Hipotesa ke dua adalah bahwa si roh sadar bahwa pemicu dari semua penderitaan adalah kenikmatan indrawi. Misalnya, seseorang lahir dalam keadaan buta. Si roh sadar bahwa selama kehidupan indra penglihatan telah membawa dirinya lupa akan tujuan kelahiran. Maka jelang kematian, ia memutuskan untuk tidak menggunakan matanya lagi. Ia memilih sendiri untuk tidak memiliki mata pada kelahiran berikutnya. Pilihan sendiri atas dasar kesadaran.
Kita harus memahami proses penderitaan. Semua pemicu kerja pikiran berawal dari panca indra. Saat kita melihat sesuatu, kita menggunakan mata. Misalnya, kita melihat seorang wanita cantik. Pikiran akan berkata: ‘Wanita itu cantik.’ Jika sampai disitu dan tidak berlanjut, tidak masalah. Penyakitnya adalah pertanyaan berikutnya akan muncul: Apakah dia masih sendiri. Dimana rumahnya. Berapa nomor teleponnya, dan lain sebagainya. Kumpulan pikiran atau thought inilah yang disebut gugusan pikiran atau mind.

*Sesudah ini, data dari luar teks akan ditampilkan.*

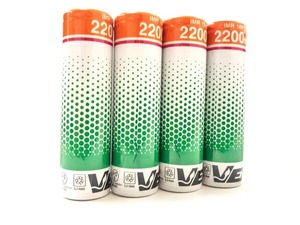 VegoCreations IMR 18650HP 2200mah 10C放電　ハイパワー　PSE認証済み　４本セット　送料無料　PL保険加入済み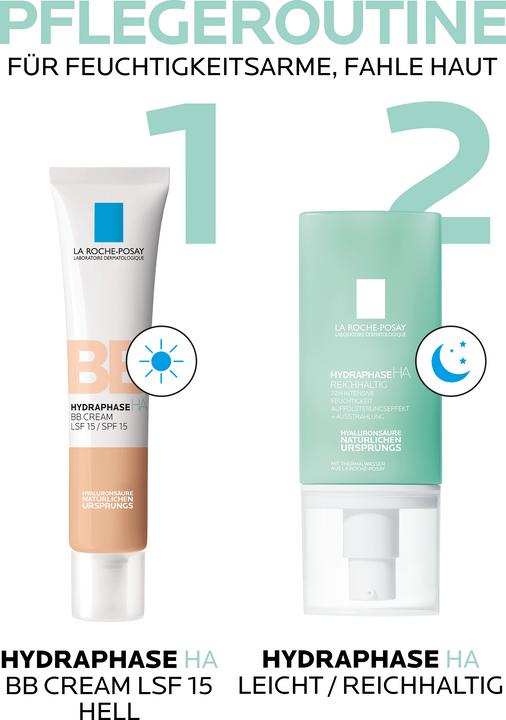 Immagine prodotto La Roche Posay Hydraphase HA BB Cream Light (Leggero)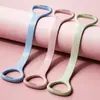 Banda de Resistencia de Figura de Ocho para Uso en Casa, Banda Elástica de Yoga, Cuerda de Resistencia para Abrir Hombros, Herramienta para Embellecer la Espalda, Equipo de Fitness con Banda de Resistencia de Figura de Ocho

Buku Meditasi dan Yoga Terbaik
Kumpulan pikiran ini dilanjutkan dengan tindakan atau aksi. Maka terjadilah pengalaman kehidupan dengan seribu cerita. Akhirnya, ia menderita akibat indra penglihatan. Dan hal ini sangat mungkin terjadi pada kita semua. Si roh yang sadar bahwa akibat indra penglihatan, ia mengalami penderitaan karena pada akhirnya lupa tujuan, kemudian ia memilih untuk tidak menggunakan indra penglihatan saat kelahiran berikutnya.
Saat tubuh dan otak telah tidak beraktivitas lagi alias mati, gugusan pikiran sebagai memori, perasaan serta emosi yang menjadi satu atau roh atau tubuh halus dengan identitas sama, hanya bisa sebagai saksi. Ia tidak lagi memiliki kemampuan memilih. Ia bergerak atas tuntunan emosi rekaman masa lalu.
Ia bertindak atas ingatan atau memori masa lalu saat hidup. Yang paling parah bila ia terjebak pikiran tidak sadar bahwa tubuh dan otaknya telah mati. Inilah yang disebut ‘hantu’. Ia masih ‘merasa’ bisa berhubungan dengan yang masih hidup di dunia.
Yang beruntung adalah roh yang sadar. Sadar bahwa akibat indra penglihatan, ia melakukan penyimpangan dari tujuan kelahiran di bumi. Ia tidak menggunakan indra penglihatannya untuk menunjang perkembangan evolusi kesadaran. Bila hal ini terjadi, ia akan memilih untuk lahir dalam keadaan buta. Pilihan bisa terjadi karena berkah Sang Jiwa Agung. Bukan karena upaya sendiri.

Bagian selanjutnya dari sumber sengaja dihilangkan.